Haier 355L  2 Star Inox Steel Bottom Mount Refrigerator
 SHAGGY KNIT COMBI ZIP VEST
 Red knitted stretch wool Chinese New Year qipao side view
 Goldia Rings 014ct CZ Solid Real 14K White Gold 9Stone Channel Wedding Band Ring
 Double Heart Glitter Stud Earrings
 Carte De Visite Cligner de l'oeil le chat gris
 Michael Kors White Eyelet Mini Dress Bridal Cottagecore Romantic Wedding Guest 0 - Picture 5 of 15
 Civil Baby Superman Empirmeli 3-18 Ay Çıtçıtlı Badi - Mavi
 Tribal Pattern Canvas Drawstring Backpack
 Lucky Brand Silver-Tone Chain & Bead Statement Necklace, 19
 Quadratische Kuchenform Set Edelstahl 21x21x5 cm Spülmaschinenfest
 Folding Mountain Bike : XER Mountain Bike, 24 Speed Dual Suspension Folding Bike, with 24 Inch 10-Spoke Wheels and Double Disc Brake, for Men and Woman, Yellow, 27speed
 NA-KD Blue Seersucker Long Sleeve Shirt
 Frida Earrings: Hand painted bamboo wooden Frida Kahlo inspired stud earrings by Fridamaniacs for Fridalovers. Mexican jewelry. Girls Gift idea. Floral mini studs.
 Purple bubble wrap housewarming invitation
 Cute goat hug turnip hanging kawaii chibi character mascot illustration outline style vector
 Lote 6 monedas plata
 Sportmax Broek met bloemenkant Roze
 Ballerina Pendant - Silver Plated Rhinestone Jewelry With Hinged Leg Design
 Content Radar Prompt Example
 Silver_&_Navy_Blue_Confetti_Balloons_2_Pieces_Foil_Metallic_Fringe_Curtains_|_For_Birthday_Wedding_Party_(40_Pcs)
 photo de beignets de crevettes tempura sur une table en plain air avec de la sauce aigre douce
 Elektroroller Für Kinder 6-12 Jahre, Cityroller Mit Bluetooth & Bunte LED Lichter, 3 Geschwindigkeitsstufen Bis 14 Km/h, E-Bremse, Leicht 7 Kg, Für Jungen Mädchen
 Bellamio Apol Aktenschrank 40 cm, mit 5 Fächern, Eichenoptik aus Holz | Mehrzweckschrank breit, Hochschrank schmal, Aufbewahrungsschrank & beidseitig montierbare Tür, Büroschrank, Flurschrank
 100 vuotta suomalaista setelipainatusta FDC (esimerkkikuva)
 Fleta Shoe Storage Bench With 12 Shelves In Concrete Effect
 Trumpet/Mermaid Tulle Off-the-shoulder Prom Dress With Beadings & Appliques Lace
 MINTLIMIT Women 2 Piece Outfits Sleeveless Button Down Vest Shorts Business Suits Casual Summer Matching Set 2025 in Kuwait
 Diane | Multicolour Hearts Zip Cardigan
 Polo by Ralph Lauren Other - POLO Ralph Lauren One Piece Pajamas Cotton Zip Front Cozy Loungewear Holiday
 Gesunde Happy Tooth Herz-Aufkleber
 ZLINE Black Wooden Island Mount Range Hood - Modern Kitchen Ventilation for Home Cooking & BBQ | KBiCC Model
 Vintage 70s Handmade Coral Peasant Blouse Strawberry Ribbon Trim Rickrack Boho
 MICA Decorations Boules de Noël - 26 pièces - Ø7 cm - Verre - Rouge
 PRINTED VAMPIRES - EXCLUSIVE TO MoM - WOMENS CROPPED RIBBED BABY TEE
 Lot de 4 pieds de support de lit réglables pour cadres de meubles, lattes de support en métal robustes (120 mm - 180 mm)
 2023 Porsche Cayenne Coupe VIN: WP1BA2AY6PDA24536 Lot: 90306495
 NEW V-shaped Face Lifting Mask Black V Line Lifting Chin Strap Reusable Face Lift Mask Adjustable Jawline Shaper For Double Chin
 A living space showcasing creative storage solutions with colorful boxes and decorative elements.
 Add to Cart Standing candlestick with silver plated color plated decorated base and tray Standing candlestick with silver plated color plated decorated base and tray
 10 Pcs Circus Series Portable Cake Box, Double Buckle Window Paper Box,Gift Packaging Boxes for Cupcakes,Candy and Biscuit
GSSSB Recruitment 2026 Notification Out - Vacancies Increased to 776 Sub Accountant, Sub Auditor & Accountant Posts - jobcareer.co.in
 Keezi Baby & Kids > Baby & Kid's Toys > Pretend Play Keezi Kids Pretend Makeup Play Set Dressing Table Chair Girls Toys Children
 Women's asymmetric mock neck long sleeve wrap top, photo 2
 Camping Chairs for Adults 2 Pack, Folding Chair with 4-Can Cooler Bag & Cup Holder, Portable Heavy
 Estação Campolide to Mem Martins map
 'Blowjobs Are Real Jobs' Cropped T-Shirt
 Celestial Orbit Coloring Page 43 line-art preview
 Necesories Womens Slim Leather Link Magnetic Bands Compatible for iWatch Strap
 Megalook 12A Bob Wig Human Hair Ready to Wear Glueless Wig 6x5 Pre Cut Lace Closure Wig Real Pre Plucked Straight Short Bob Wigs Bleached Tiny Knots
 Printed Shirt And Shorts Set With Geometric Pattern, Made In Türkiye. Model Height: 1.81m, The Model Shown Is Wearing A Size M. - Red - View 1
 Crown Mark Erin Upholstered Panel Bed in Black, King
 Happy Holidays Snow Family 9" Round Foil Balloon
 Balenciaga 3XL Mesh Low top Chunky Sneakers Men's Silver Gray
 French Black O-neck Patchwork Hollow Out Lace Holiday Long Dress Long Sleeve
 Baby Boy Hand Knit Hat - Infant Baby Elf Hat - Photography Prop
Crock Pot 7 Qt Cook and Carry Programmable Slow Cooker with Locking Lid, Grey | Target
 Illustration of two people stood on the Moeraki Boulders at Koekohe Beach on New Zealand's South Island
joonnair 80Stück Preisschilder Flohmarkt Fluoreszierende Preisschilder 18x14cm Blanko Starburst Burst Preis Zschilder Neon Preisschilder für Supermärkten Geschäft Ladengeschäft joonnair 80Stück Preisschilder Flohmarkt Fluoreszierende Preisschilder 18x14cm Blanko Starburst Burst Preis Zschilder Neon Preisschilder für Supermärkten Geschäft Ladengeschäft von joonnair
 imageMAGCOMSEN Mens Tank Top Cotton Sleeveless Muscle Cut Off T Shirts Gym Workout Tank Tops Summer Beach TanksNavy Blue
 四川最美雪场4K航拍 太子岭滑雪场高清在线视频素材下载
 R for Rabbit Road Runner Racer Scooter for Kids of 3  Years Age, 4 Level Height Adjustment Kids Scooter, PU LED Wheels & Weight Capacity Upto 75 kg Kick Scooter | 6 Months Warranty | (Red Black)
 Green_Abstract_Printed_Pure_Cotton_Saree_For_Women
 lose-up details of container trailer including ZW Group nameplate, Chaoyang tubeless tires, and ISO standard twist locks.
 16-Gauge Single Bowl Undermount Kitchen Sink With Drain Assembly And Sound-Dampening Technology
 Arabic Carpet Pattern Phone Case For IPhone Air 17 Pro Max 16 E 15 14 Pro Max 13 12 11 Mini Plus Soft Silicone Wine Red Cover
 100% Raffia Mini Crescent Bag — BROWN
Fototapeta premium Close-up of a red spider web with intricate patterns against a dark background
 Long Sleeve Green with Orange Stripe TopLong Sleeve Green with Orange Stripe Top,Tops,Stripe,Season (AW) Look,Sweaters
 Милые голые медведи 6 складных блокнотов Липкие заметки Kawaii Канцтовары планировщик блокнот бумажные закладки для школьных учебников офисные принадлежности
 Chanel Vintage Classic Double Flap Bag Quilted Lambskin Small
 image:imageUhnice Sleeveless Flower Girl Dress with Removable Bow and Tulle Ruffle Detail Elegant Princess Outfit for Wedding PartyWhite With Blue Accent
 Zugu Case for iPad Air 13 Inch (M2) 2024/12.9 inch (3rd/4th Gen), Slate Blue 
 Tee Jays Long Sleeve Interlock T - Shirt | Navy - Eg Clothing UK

» Work instructions
Copy each line of the entries that includes the word "Gift".

» Response box
 Frida Earrings: Hand painted bamboo wooden Frida Kahlo inspired stud earrings by Fridamaniacs for Fridalovers. Mexican jewelry. Girls Gift idea. Floral mini studs.
 10 Pcs Circus Series Portable Cake Box, Double Buckle Window Paper Box,Gift Packaging Boxes for Cupcakes,Candy and Biscuit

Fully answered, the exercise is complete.